Sekali lagi, Desi melihat raut wajah tidak suka Dhika ketika mendengar jawaban singkat anak baru itu. Ternyata Dhika memang tidak suka dengan tipe seperti Kiran yang seenaknya sendiri. Kalau begitu, Desi bisa tenang kalo lain kali anak baru itu ditugaskan ke perkebunan ini. Karena sekali Dhika tidak suka pada seseorang, perasaan itu akan kekal selamanya.
"Kamu tadi ngobrol sama pemilik perkebunan?" tanya Desi saat dia dan anak baru itu dalam perjalanan kembali ke kantor.
"Enggak Bu"
Keduanya ada di depan teras rumah tapi tidak bicara sama sekali? Aneh.Padahal semua perempuan yang melihat Dhika selalu tertarik untuk bertanya tentang informasi laki-laki itu pada Desi. Kenapa anak baru ini tidak?
"Menurut kamu ... pemilik perkebunan tadi cakep gak?" tanyanya lagi berusaha untuk mencari tahu apakah anak baru itu hanya pura-pura tidak tertarik atau memang sama sekali tidak tertarik pada Dhika.
"Enggak" jawab anak baru itu dengan mantap.

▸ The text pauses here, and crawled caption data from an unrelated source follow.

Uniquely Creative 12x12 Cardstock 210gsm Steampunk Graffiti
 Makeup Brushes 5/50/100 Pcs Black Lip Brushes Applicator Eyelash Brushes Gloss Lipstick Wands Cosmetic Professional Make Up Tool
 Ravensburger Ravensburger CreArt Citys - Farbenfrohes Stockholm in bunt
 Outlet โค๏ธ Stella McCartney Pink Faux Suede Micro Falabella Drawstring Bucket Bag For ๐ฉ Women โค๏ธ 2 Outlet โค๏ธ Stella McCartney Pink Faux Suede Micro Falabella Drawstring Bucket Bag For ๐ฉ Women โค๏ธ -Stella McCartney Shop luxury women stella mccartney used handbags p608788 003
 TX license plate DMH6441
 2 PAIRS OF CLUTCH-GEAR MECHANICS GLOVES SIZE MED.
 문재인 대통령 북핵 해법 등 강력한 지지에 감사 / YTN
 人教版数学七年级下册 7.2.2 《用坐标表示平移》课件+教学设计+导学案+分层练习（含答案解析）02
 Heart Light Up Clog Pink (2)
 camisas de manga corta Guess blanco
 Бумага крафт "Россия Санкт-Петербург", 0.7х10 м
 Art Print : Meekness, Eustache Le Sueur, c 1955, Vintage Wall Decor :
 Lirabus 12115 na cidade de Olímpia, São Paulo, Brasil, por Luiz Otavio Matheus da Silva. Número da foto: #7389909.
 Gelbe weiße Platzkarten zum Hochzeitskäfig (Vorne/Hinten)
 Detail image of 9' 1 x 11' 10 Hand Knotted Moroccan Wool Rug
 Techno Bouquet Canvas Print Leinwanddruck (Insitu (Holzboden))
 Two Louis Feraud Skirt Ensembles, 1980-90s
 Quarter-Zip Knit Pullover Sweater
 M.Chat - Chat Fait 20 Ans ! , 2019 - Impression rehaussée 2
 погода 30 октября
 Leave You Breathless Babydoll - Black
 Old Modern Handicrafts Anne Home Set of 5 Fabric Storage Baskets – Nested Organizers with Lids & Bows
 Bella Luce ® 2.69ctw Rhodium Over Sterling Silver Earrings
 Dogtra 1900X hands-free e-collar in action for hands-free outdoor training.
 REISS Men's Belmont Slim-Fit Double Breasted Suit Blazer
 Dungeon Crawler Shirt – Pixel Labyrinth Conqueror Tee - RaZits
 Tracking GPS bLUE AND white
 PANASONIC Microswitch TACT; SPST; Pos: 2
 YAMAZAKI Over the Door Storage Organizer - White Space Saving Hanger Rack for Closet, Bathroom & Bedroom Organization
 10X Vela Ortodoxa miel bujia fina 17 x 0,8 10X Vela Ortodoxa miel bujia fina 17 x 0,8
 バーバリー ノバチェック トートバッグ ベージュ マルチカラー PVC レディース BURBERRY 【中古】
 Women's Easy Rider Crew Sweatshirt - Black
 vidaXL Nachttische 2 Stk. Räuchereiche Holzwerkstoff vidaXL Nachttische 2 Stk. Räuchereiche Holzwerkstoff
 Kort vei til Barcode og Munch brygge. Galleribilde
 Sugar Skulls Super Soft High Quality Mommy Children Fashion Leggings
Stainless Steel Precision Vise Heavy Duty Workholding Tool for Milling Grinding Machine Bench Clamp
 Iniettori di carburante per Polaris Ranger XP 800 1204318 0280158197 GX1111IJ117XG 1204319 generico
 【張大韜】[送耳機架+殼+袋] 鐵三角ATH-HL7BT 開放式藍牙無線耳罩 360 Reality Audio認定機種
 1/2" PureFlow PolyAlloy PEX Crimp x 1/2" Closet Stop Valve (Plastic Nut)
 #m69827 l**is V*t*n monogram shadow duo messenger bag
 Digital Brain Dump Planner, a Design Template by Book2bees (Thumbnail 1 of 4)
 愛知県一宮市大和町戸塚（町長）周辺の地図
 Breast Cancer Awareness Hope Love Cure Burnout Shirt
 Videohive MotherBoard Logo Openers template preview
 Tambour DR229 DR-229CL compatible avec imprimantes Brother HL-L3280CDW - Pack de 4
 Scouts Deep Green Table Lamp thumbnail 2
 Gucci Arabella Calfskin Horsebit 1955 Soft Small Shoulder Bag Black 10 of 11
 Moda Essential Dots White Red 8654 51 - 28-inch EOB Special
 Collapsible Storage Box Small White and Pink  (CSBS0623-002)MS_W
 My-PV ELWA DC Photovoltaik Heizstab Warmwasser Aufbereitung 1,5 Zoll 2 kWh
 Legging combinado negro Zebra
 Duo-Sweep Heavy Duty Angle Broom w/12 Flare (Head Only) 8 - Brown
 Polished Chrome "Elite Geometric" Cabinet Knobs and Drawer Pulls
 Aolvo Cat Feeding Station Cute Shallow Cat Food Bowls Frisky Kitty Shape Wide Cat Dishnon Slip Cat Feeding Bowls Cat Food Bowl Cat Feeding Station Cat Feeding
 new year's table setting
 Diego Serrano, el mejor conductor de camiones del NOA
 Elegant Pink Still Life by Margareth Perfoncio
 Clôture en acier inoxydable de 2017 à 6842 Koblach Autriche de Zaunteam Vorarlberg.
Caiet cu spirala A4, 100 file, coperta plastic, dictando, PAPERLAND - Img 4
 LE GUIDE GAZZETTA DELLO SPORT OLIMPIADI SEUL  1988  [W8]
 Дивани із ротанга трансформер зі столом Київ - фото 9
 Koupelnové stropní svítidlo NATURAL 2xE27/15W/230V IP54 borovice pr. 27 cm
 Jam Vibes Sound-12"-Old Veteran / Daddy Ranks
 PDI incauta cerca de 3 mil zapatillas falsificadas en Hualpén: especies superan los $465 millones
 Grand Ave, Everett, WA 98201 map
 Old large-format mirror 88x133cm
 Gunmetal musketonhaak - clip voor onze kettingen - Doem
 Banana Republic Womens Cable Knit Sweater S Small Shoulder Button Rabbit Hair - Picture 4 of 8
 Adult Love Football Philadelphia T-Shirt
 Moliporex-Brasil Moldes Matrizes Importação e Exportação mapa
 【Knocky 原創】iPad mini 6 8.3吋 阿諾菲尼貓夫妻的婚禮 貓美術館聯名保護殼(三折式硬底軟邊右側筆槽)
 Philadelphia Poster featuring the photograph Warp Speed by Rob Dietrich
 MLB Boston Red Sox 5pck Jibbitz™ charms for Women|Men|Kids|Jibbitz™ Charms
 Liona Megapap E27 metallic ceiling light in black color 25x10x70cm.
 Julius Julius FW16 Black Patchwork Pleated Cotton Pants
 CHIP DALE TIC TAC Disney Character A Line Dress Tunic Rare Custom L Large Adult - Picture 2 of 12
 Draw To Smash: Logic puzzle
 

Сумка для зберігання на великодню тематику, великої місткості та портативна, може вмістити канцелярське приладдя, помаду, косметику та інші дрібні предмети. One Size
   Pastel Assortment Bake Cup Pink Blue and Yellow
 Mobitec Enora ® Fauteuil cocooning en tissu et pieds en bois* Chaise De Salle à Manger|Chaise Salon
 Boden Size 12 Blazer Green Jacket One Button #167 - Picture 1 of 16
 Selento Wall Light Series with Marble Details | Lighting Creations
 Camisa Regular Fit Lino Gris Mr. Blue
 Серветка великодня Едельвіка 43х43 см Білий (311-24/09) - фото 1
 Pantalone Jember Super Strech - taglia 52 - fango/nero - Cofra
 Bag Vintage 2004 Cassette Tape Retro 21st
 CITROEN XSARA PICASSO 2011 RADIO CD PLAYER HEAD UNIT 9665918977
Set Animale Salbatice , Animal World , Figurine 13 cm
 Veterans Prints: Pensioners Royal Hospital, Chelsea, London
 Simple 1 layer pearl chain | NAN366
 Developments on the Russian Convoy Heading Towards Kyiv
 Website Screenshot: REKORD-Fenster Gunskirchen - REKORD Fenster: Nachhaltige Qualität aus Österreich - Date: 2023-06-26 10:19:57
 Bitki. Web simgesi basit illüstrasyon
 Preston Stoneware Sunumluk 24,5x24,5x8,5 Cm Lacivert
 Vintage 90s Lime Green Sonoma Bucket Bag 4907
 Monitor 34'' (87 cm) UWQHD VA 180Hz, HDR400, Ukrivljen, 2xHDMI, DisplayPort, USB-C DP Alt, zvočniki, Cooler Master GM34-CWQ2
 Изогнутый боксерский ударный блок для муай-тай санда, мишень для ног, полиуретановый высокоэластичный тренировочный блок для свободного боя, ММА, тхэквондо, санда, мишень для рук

Apa Desi bisa mempercayai anak baru ini dari jawaban sesingkat itu?
"Kamu tau kan kalo saya dan pemilik perkebunan tadi adalah couple?" tanyanya lebih memastikan lagi.
"Iya saya tahu. Bu Desi sama Bapak tadi kan sama-sama terus. Cuma orang bodoh yang gak tau kalo Bu Desi sama Bapak tadi pacaran"
Ohh, ternyata anak baru ini pntar juga. Bisa membaca situasi dengan cepat.
"Kalo kamu ditugaskan lagi ke perkebunan terus aku denger kamu godain pacar saya. Saya bakal ... "
"Ngapain juga saya godain Bapak tadi. Maaf ya Bu Desi, tapi Bapak tadi ketuaan buat saya. Jangan marah ya Bu. Tapi saya sama sekali gak tertarik sama pacar ibu"
Jawaban tegas anak baru itu cukup meyakinkan untuk Desi. Lagipula, menurutnya anak baru itu memang tidak memiliki ketertarikan sams sekali pada Dhika. Begitu juga sebaliknya. Jadi mungkin kali ini Desi bisa tenang membiarkan anak baru itu ditugaskan ke perkebunan Dhika sendirian. Mereka sampai di kantor dan anak baru itu bergegas mengurus berkas SPD. Tanpa membuang waktu, anak baru itu segera pulang setelahnya. Desi heran melihat anak baru itu berbeda dari perempuan lain.